It was buried in the coverage of Jimmy Carter's Nobel address, but it was unmistakable in the text. Carter took a swipe at his successor, Ronald Reagan, and his handling of the end of the Cold War.
"Twelve years ago," Carter told his hosts, "President Mikhail Gorbachev received your recognition for his preeminent role in ending the Cold War that had lasted 50 years." Preeminent? That means, according to the dictionary, "superior to or notable above all others; outstanding." And Reagan's role not only in precipitating the Soviet collapse, but in making the emergence of Gorbachev possible? No mention.
And Yeltsin? The man who finally ended the Soviet tyranny by outflanking the old guard's coup attempt? No mention. Carter has long despised the true architect of Russia's emergence from communist oppression.

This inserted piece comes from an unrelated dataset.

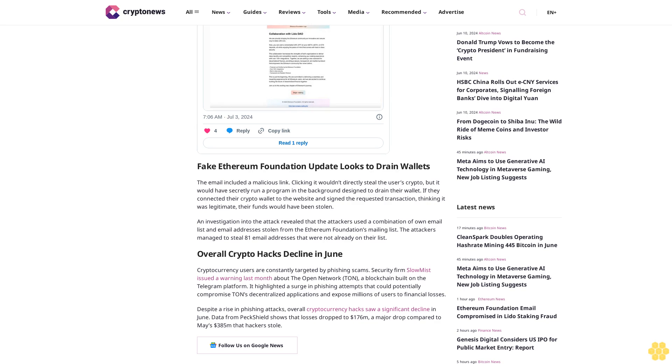It highlighted a surge in phishing attempts that could potentially compromise TON's decentralized applications and expose millions of users to financial losses, despite a rise in phishing attacks.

Once again, Carter reminds us that the people he really likes in this world are unelected dictators -- from Castro to Saddam to the North Koreans to Gorbachev. And although Carter made an obligatory reference to Saddam's need to disarm, he also threw Saddam a valentine: "We must also strive to correct the injustice of economic sanctions that seek to penalize abusive leaders but all too often inflict punishment on those who are already suffering from the abuse." Now who could he be thinking of?
What's Carter's agenda? Let the U.N. pretend that they can adequately remove all weapons of mass destruction from Iraq? Meanwhile, it will lift the sanctions and give Saddam a new lease on life, providing him with vastly more wealth to achieve his goal of regional domination and a nuclear capability. Hey, Carter was the critical figure in enabling the North Koreans to go nuclear. Why not help Saddam as well?
Is there a vicious dictator in the world he doesn't want to help?